WE RECEIVED the following note from Mendocino County's famous hill bandit, Trevor Jackson. Trev, as he's known around the ava, was recently packed off to the state pen for a prolonged time-out:

Thank you for sending me a copy of the ava. I am hoping you will forward it to my new address at SQSP, San Quentin, Ca 94974. PS. I have a story to tell about our local law and DA David Eyster, and so I was hoping to get a typewriter and spell check. Would you be interested in printing what I have to say? Guaranteed!! Trevor Jackson, aka Brush Pimp.

We're all ears, Trev.

WE GET THESE indignant calls now and then. This one from an angry woman who started right in, "How would you like it someone called you a scumbag?" I said I've been called worse, and now, at an advanced age, I'm immune to insult. "Huh?" she said. I said I need some context. She said, "You called the men accused of murdering Barbara Stroud, scumbags. It was under truth serum. The confession was thrown out." I asked her to give me her word for five men who rape and murder young women. "Did you ever think that the people you call scumbags might have children?" Did you know that Charles Manson's daughter is a CPA? "What's that have to do with anything?" she said. Nothing, I said. I don't even know if Charles Manson had a daughter, but the point is that none of us is responsible for the crimes of our ancestors. "I want a retraction," she said. You aren't getting it, I said. Barbara Stroud was 19. She wanted her life, and the Willits scumbags strangled her to death. The caller hung up.

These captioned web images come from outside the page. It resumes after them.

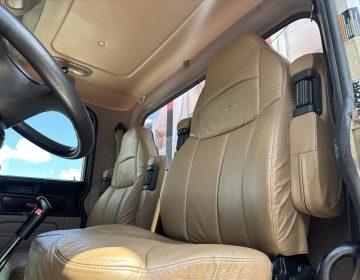 2014 Peterbilt 389 Daycab 227857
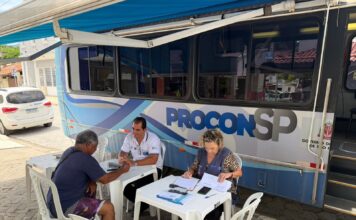 Procon Itinerante leva atendimento a população no Centro e na Costa Sul de São Sebastião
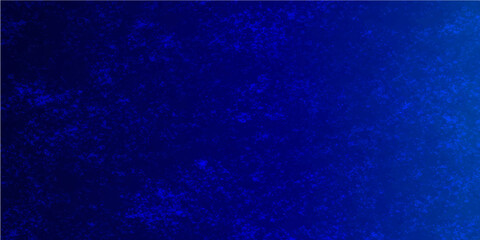 Obraz premium A dark blue and purple grunge abstract background features a vintage textured paint design on aged paper material with a dirty light pattern
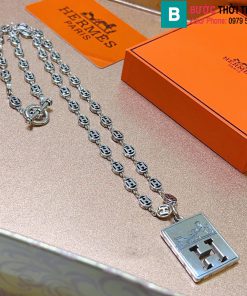 Vòng cổ Hermes mặt hình chữ nhật H cao cấp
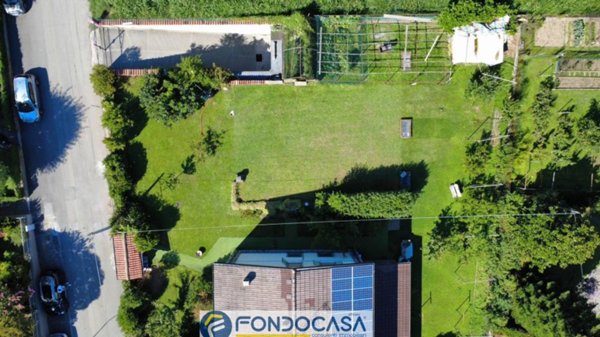 casa indipendente in vendita a Monticelli Brusati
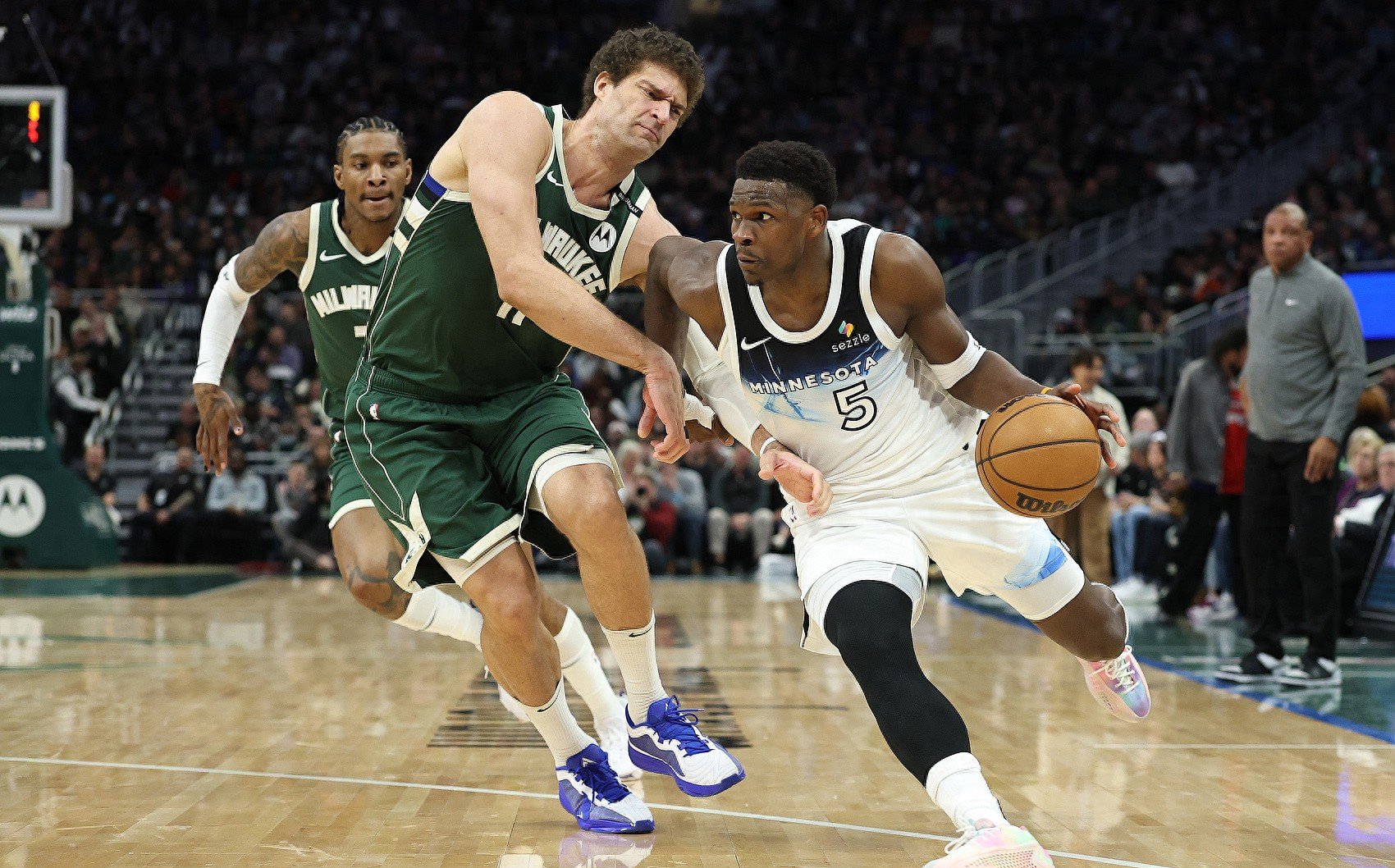 雄鹿力克魔术，取得胜利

ON LINE COMMENT OF THE WEEK

I spent many decades working in the Private Sector where my responsibilities were to “get it done and save money doing it or I will find someone else who will”! We always got it done and earned lots of profits doing it. I work a part-time retirement job for fun for a Non-Profit business where they beg for money, accept donations for write-offs and get some from our services for pay. There is NO cost savings, good money gets thrown after bad, and a total lack of financial abilities is the rule of the day. I am also a member of our local government. Our Committee takes whatever it wants from a population of distracted, disoriented, uncaring taxpayers that are so far over their heads with their complicated and overly complex lifestyles that they simply just shut up and pay. The government laughs and berates the citizens and pisses away more money than a shipload of drunken sailors.  My experiences of life over the course of my 63 years living it have proven beyond all doubt that things like money lose value when they do not have to be earned though human effort and the more that is accumulated, the less value they actually have for those that hold it. Unfortunately for humanity right now, the same holds true for human life. There are more than enough people around, perhaps too many, and those who use us all have less and less value for all of us as the population expands. This is a formula for real disaster.

One Comment

  1. A Anderson December 31, 2017

    It’s unquestionable that people in positions that require training and education are going to receive less pay in this County than they might in a neighboring one. The most commonly cited example is Sonoma for cops, for social workers, for doctors, what-have-you. I would like to point out that while the pay raise given to the supervisors would not be enough to make a dent in the problem at hand that we have an underfunded social services system in this County. Before supervisors give themselves such a handsome pay raise without much in the way of public discussion, however overdue or not, I would submit that they consider what others might term the poor optics of that occurrence as we review the continued reality of those still-furloughed public service workers who can just as well jump to another County the minute they are trained if they are so inclined. Underpayment for professional qualification is quite simply the price one pays for living in this place. Those who are interested in something else should live elsewhere and get paid more there. There is no reason for this County to go out of its way to pay more than a reasonable living wage for the place in which someone is expected to live, no more.